Joe McCarthy told the press afterwards, “[Lou has] been a great ballplayer. Fellows like him come along once in a hundred years. I told him that. More than that, he’s been a vital part of the Yankee club since he started with it. He’s always been a perfect gentleman, a credit to baseball.” (John Nogowski, Last Time Out: Big-League Farewells of Baseball’s Greats, p.122.)
John Kieran of the New York Times thought the end of Gehrig’s streak did not necessarily mean the end of the line for the Iron Horse. He wrote in a sidebar column on May 3,

So they unhitched the Iron Horse from the old wagon, but Marse Joe McCarthy did not order him to be taken behind the barn and destroyed. With a little rest he should begin to feel his oats again. One or two days of rest may life the weight of years from his brawny shoulders. He’ll drive home a few more runs for the Yankees before he is turned out to green pastures.

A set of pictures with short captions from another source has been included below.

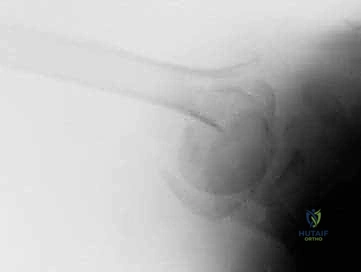 Illustration of hemiarthroplasty for proximal - Dr. Mohammed Hutaif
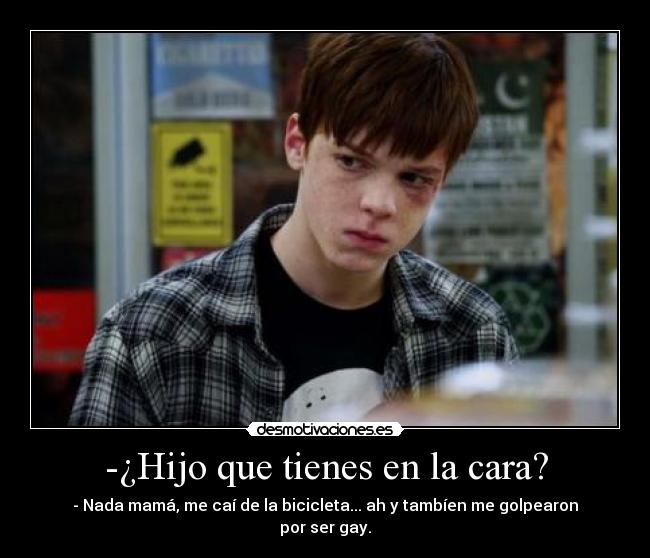 -¿Hijo que tienes en la cara? -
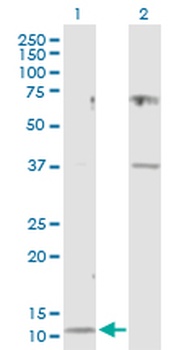 CST3 purified MaxPab rabbit polyclonal antibody (D01P)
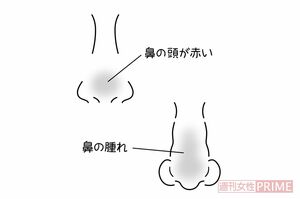 不自然な腫れ イラスト/石崎伸子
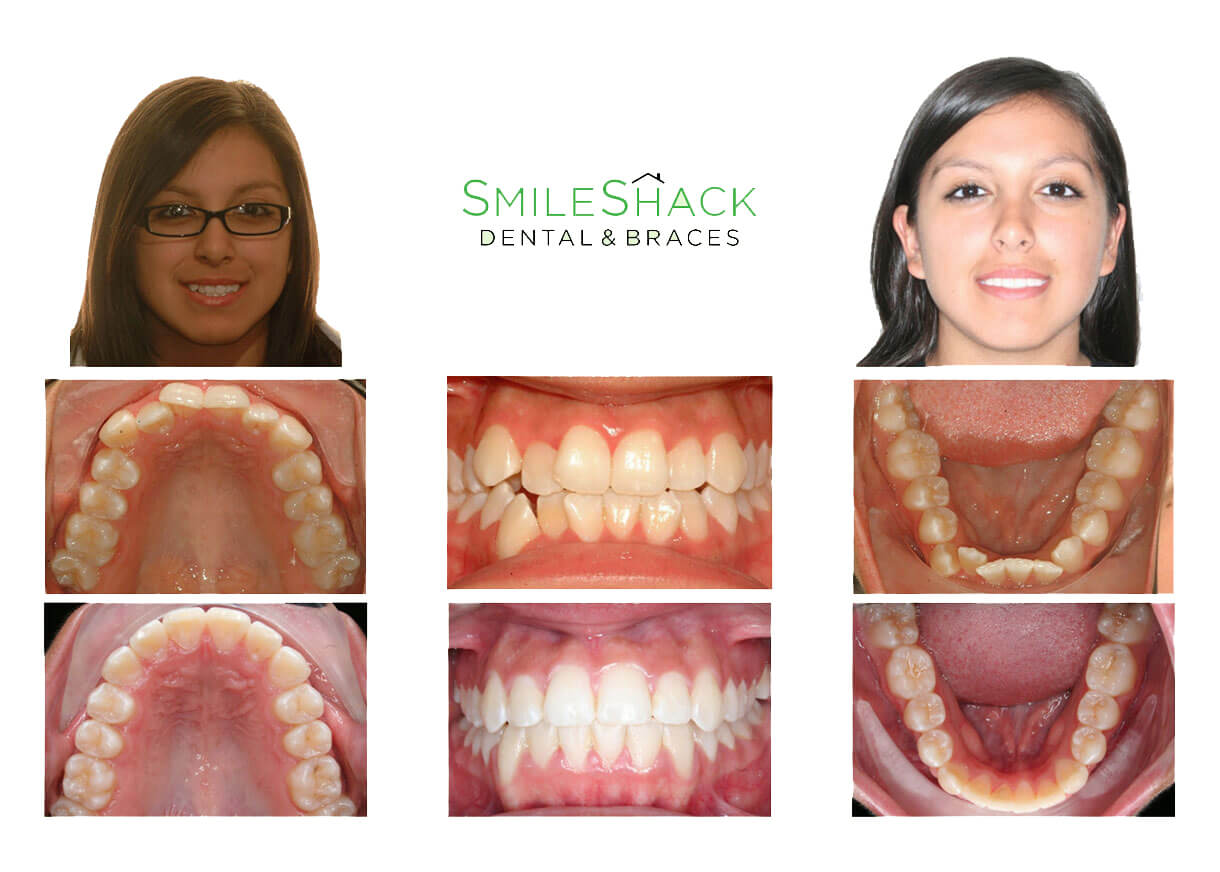 before and after cosmetic smile makeover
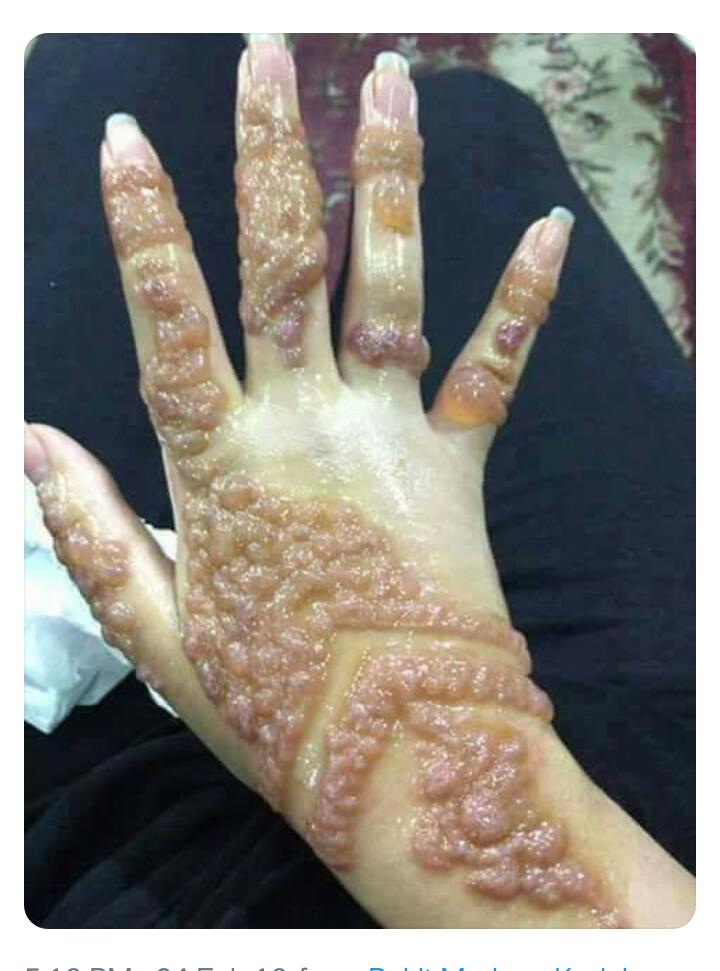 Faizzahri's tweet photo. Gara2 inai... Eeee... Bikin geli... Gunakan yang original plzzzz... 
#inaikawin
#sakitkulit https://t.co/WcddNVfcMR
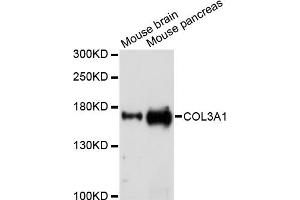 Western blot analysis of extracts of various cell lines, using COL3A1 antibody (ABIN5971985) at 1/1000 dilution. (COL3A1 Antikörper)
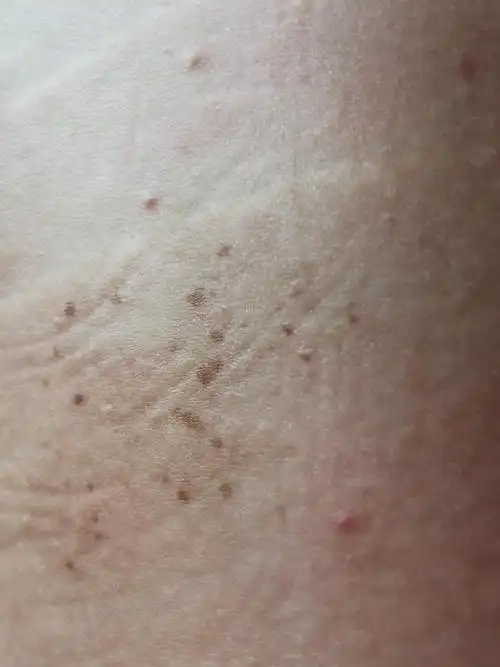 腰上有一小片这个东西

Lou Gehrig will not be 36 years old until June 19. He’s big and brawny and hale and hearty. Eddie Collins, Tris Speaker, Ty Cobb, Babe Ruth and others romped around in uniform and banged in many a run for some years after celebrating their thirty-sixth birthdays. There’s no reason why Lou Gehrig, with his physique, should fold up all at once. Just consider the way he is built. He isn’t the quick folding type.

Gehrig travelled with the team for a while in the faint hope that whatever was ailing him would simply go away. It did not, of course. Gehrig even got into an exhibition game on June 12 in Kansas City against the Yankees’ top farm team. Though members of both teams feared for Lou’s safety, The Kansas City Star said Gehrig played “by popular demand and because he was an obliging fellow.” (Aaron Stilley, “Vince DiMaggio’s 46 Home Runs, Gehrig’s Last Hurrah, An All-Star Game & 107 Wins: the 1939 Kansas City Blues,” i70baseball.com.) After catching a line drive and being knocked to the ground by the force of it, Gehrig exited the game in the third inning. It was his final appearance as a player on a baseball diamond.